Der von BMW eingesetzte Turbolader nahm schon bei 1 500 min-1 seine leistungsfördernde Arbeit auf, der volle Ladedruck von 0,8 bar stand bei 2 200 min-1, das maximale Drehmoment von 210 Newtonmetern bei 2 400 min-1 zur Verfügung. Diese Auslegung ermöglichte es, das hohe Drehmoment für komfortables, schaltarmes Fahren zu nutzen und im verbrauchsgünstigen Teillastbetrieb hohe Geschwindigkeiten zu erreichen.
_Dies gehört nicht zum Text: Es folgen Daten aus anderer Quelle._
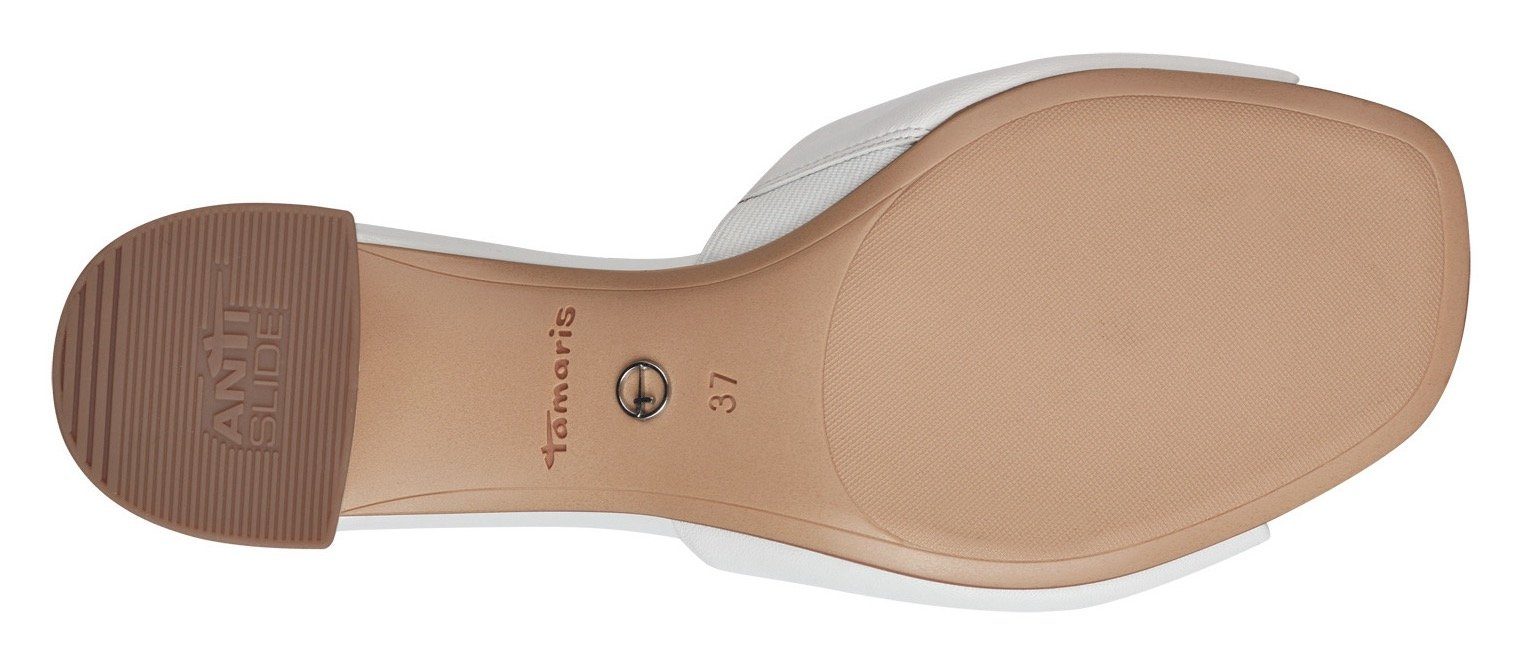 Tamaris Pantolette, Blockabsatz, Sommerschuh, Schlappen im günstig online kaufen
Mit einer Höchstleistung von 85 kW/115 PS, die aus einem Hubraum von 2 443 Kubikzentimetern erzeugt wurde, und der daraus resultierenden spezifischen Leistung von 34,8 kW/47,3 PS wurden Werte erreicht, „die man bisher bei einem Diesel nicht für möglich hielt“, wie BMW anlässlich der Weltpremiere auf der IAA 1983 verkündete, und die den BMW 524td auf Anhieb zum „schnellsten Seriendiesel der Welt“ machten. 12,9 Sekunden genügten für die Beschleunigung von null auf 100 km/h, und auch die Höchstgeschwindigkeit von 180 km/h war für ein Diesel-Automobil zur damaligen Zeit mehr als beachtlich.